→ **Action item**: Using the listing below, copy exactly the lines from the one containing "Track Pant Pyjamasbukser" to the one containing "Cangurera Marfa Belt para mujer", both lines included, and no others.

→ **Records for the task**:
*** Begin section ***

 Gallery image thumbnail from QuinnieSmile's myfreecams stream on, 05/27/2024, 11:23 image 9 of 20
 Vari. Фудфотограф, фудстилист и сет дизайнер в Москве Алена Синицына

*** End section ***
*** Begin section ***

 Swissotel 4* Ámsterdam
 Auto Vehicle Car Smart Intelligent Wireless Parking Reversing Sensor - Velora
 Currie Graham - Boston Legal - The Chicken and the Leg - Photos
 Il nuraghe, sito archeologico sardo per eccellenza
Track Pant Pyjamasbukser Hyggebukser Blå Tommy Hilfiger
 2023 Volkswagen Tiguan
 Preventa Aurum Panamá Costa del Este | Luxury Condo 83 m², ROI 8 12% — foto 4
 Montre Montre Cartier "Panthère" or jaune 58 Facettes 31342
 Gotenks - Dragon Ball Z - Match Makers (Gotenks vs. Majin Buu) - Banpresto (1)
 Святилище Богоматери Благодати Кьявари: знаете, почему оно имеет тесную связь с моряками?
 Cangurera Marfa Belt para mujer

*** End section ***
*** Begin section ***

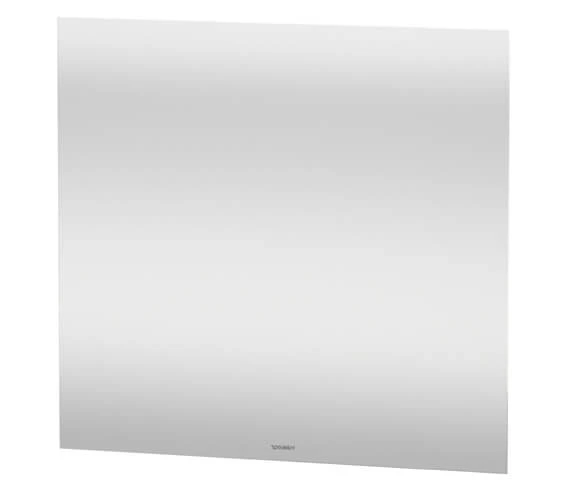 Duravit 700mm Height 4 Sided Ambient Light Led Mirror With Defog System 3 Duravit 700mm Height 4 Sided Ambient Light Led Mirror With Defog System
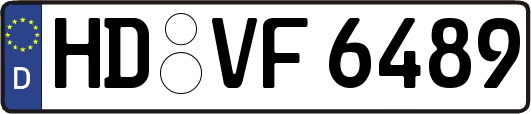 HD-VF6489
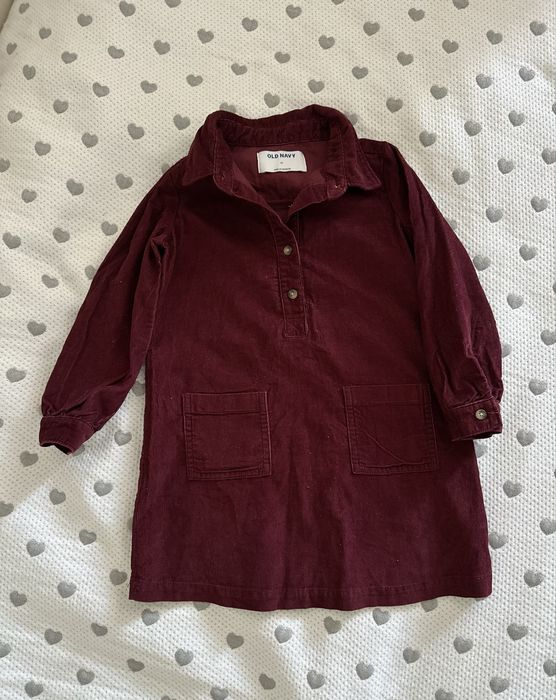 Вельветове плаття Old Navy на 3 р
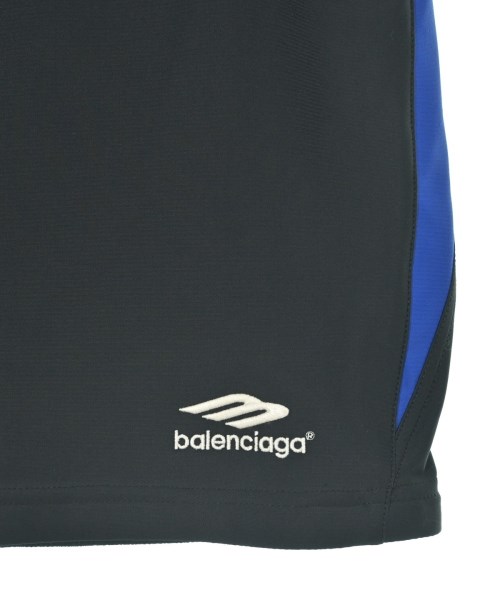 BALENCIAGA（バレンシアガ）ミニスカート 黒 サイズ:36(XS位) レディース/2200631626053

*** End section ***

→ **Finished task**:
Track Pant Pyjamasbukser Hyggebukser Blå Tommy Hilfiger
 2023 Volkswagen Tiguan
 Preventa Aurum Panamá Costa del Este | Luxury Condo 83 m², ROI 8 12% — foto 4
 Montre Montre Cartier "Panthère" or jaune 58 Facettes 31342
 Gotenks - Dragon Ball Z - Match Makers (Gotenks vs. Majin Buu) - Banpresto (1)
 Святилище Богоматери Благодати Кьявари: знаете, почему оно имеет тесную связь с моряками?
 Cangurera Marfa Belt para mujer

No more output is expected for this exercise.